§ **WORK TASK**
The listing below holds a line with "Barista preparando café" and a line with "Camiseta com Bordado". Reproduce those two lines exactly, plus everything between them.

§ **GIVEN DATA**
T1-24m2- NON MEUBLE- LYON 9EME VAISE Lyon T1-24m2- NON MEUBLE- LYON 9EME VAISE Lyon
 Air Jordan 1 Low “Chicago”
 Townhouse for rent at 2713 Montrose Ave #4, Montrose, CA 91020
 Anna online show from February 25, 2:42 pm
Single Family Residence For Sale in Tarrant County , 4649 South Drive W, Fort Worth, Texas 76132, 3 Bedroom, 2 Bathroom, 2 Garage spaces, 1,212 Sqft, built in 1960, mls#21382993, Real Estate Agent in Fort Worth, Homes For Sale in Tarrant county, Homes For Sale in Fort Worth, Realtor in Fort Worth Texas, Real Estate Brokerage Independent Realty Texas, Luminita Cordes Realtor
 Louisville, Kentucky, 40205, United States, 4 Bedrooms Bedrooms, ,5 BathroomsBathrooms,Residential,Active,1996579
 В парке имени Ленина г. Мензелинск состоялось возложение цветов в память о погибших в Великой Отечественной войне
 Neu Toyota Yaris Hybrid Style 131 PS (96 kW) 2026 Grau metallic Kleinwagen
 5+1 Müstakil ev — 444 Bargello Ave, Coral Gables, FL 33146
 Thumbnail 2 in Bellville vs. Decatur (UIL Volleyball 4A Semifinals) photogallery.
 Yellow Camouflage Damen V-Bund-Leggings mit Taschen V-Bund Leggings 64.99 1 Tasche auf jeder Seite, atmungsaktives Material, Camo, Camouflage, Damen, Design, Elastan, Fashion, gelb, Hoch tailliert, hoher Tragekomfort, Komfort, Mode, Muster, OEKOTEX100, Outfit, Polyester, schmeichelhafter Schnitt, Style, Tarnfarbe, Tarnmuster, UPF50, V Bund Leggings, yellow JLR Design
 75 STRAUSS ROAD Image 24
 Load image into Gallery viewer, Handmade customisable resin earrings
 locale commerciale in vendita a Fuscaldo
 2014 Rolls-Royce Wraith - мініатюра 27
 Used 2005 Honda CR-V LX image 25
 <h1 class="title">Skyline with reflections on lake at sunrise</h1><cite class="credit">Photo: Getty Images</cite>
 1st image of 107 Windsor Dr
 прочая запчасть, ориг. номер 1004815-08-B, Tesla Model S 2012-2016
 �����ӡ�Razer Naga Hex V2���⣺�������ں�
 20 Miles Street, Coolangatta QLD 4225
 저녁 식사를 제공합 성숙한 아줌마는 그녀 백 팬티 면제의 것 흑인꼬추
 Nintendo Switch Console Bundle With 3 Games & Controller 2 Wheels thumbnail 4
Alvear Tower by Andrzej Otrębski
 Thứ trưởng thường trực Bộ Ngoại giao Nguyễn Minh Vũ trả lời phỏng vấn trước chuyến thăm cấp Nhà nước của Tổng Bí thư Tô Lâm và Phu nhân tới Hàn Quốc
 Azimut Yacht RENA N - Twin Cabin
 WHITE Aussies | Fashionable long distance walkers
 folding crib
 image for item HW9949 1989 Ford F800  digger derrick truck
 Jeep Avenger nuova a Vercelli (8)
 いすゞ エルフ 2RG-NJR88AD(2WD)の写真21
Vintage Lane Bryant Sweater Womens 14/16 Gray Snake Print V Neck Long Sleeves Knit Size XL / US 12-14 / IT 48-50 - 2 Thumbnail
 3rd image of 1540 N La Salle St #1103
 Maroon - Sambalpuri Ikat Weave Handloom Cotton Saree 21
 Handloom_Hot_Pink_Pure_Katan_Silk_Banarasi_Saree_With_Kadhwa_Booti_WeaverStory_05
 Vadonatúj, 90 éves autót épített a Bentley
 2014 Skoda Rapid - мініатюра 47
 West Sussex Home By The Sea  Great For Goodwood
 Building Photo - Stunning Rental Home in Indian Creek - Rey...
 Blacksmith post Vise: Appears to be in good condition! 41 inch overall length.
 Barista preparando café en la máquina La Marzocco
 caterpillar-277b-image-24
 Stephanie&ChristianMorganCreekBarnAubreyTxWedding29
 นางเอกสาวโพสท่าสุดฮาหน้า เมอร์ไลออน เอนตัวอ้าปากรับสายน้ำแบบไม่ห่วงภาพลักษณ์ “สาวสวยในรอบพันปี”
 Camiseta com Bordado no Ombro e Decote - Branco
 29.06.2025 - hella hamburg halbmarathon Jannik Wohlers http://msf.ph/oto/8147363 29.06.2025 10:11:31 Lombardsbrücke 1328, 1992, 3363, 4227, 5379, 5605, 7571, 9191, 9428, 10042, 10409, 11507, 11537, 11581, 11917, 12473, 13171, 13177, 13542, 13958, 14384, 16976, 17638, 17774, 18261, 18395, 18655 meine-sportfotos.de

§ **RESULT**
 Barista preparando café en la máquina La Marzocco
 caterpillar-277b-image-24
 Stephanie&ChristianMorganCreekBarnAubreyTxWedding29
 นางเอกสาวโพสท่าสุดฮาหน้า เมอร์ไลออน เอนตัวอ้าปากรับสายน้ำแบบไม่ห่วงภาพลักษณ์ “สาวสวยในรอบพันปี”
 Camiseta com Bordado no Ombro e Decote - Branco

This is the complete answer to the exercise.